Des heurts ont éclaté jeudi à Paris entre un groupe de manifestants et les forces de l'ordre avec un début d'incendie à La Rotonde, brasserie prisée d'Emmanuel Macron. Parti de l'esplanade des Invalides en direction de la place l'Italie, le cortège est passé devant le célèbre restaurant où le chef de l'Etat avait célébré en 2017 sa qualification pour le second tour de la présidentielle. C'est alors qu'"un groupe en noir" placé à l'avant de la manifestation a "envoyé des projectiles", dont des "bouteilles, pavés et pétards" sur les forces de l'ordre qui se sont placées en protection de la brasserie. La préfecture de police a évalué à plusieurs centaines le nombre de membres de ce groupe.

Un début d'incendie s'est déclaré après le jet d'un fumigène sur le auvent rouge. Une femme à l'intérieur du restaurant a d'abord tenté d'éteindre le feu avec un extincteur. L'intervention des pompiers a ensuite permis de circonscrire rapidement les flammes.

Sur le Vieux-Port, les manifestants sont au rendez-vous

À Marseille, le cortège de la mobilisation est fournie même s'il semble un peu moins rempli comparé aux autres journées de manifestations. Cependant, la détermination des manifestants est au rendez-vous : "il y a un petit ralentissement qui est logique puisque on attend le Conseil constitutionnel. Derrière, ça va continuer. Je pense qu'en mai, on y sera encore ! Ça joue l'épuisement mais l'épuisement ils ne l'auront pas. Quand les gens montent dans le rouge, on ne sait pas à quoi on peut s'attendre", explique Alain, un manifestant, au micro d'Europe 1.

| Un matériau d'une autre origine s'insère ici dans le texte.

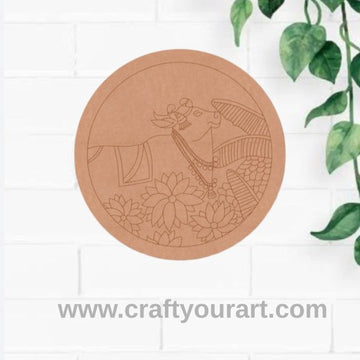 Pichwai Cow Pre Marked Round MDF Design 4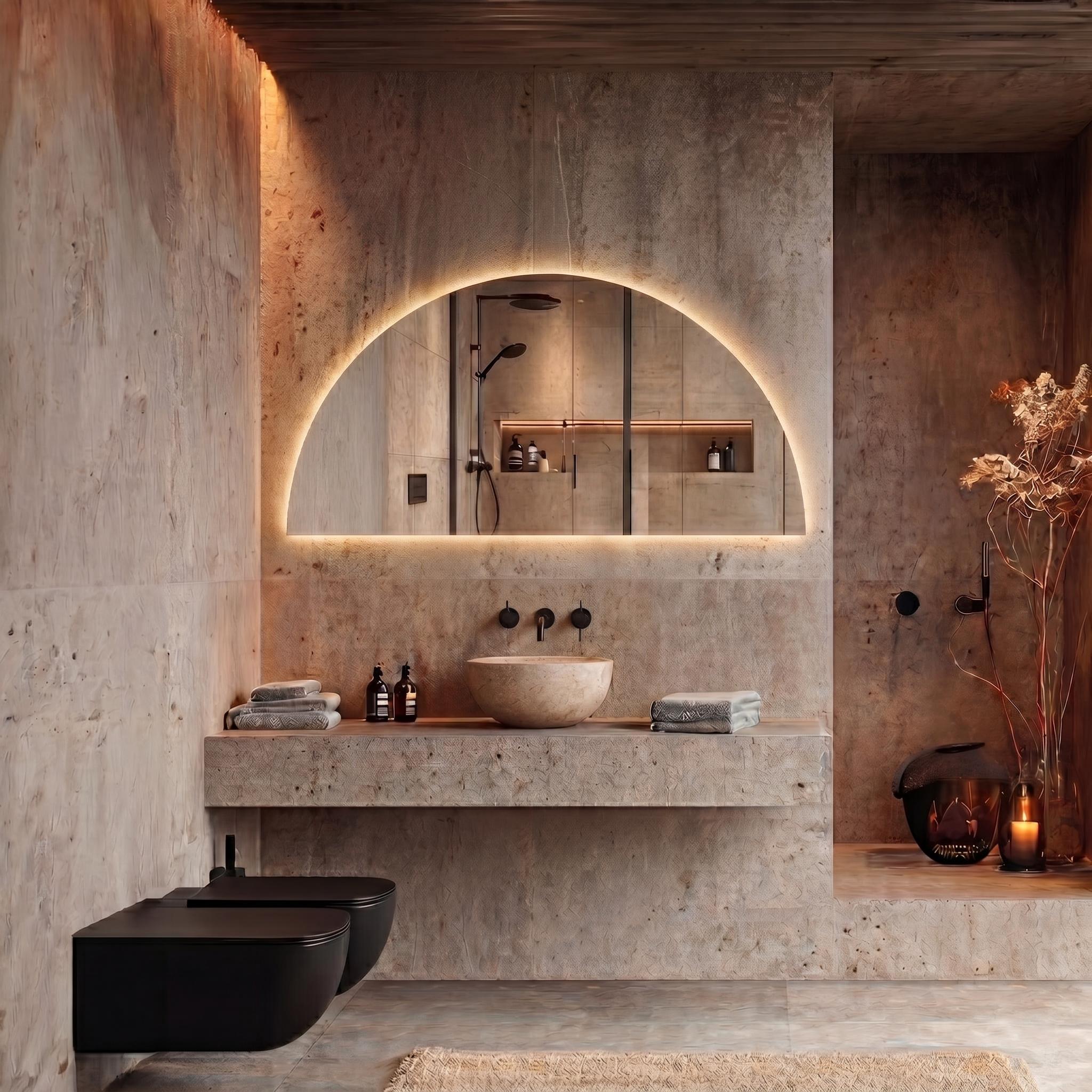 Frameless Half Circle LED Mirror | Modern Backlit Vanity Wall Decor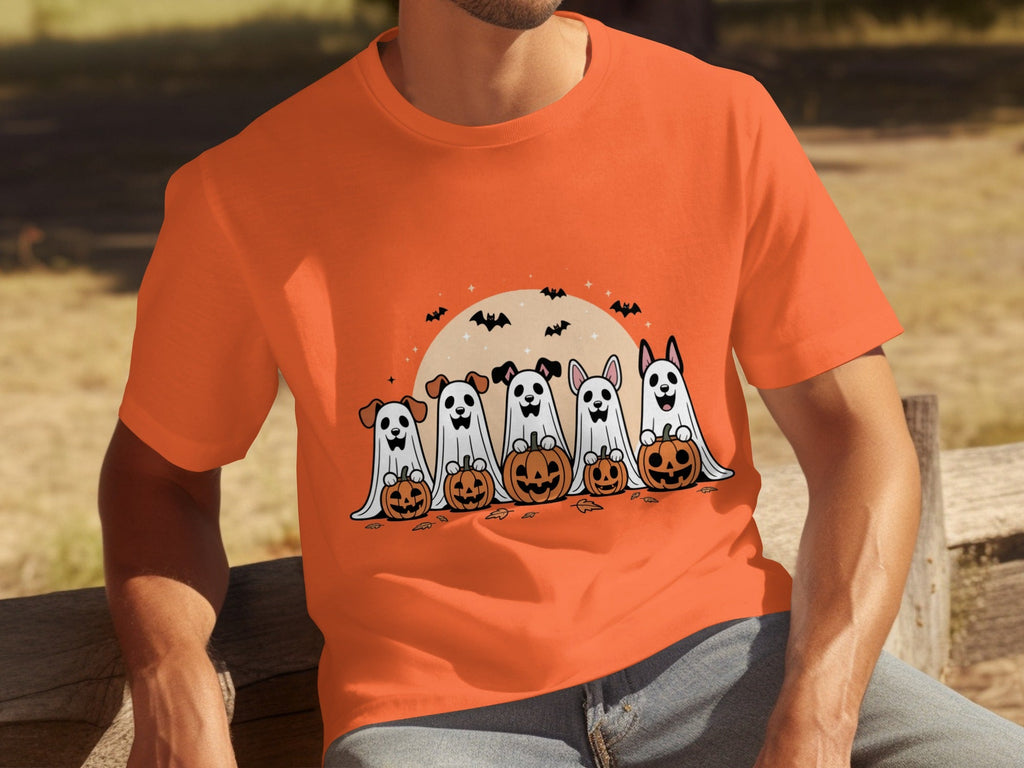 Spooky Dog Ghosts With Pumpkins Halloween Cute Season T-Shirts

Le rendez-vous raté entre l'intersyndicale et le gouvernement a poussé dans la rue de nouveaux manifestants à l'instar de Robin, employé chez Air France : "C'est la première fois que je manifeste. Ça m'a bien motivé ! C'est un bras de fer, on est dans une impasse. C'est inquiétant en 20 ans, on a réussi à détricoter tout les acquis sociaux qu'on a mis un siècle à avoir. Il faut garder espoir. Les causes justes méritent d'être d'être battues jusqu'au bout".

Robin, et d'autres manifestants, attendent avec impatience les conclusions du Conseil constitutionnel sur la question de l'organisation possible d'un référendum. 

Et ensuite ? 

Laurent Berger, de la CFDT, espère que les Sages censureront "l'ensemble de la loi" le 14 avril. À défaut, un feu vert à la procédure de référendum d'initiative partagée (RIP) sur les retraites pourrait aussi "être l'occasion de ne pas promulguer cette loi et de repartir sur de bonnes bases", a-t-il estimé.